#### Required work:
Return the lines from the line containing "this 640×480 image." onward. Each must match exactly, and the last line of the listing below must be included.

#### Supplied records:
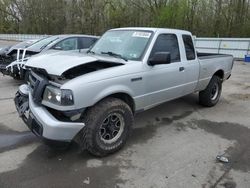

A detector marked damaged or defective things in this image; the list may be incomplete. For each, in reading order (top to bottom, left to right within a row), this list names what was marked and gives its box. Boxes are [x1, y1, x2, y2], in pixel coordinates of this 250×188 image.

crumpled hood [25, 51, 98, 75]
broken headlight [43, 85, 73, 106]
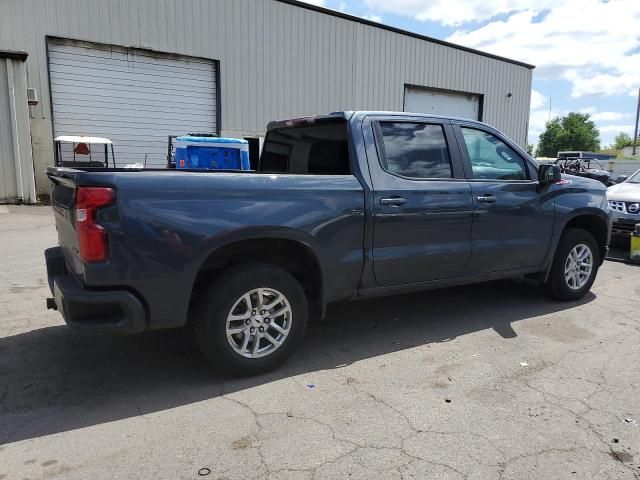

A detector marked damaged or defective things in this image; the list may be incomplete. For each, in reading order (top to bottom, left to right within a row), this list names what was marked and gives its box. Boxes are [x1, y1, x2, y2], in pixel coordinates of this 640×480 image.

cracked asphalt pavement [1, 204, 640, 478]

#### Reply to the task:
A detector marked damaged or defective things in this image; the list may be incomplete. For each, in reading order (top to bottom, left to right within a row), this list names what was marked and gives its box. Boxes are [x1, y1, x2, y2], in pixel coordinates of this 640×480 image.

cracked asphalt pavement [1, 204, 640, 478]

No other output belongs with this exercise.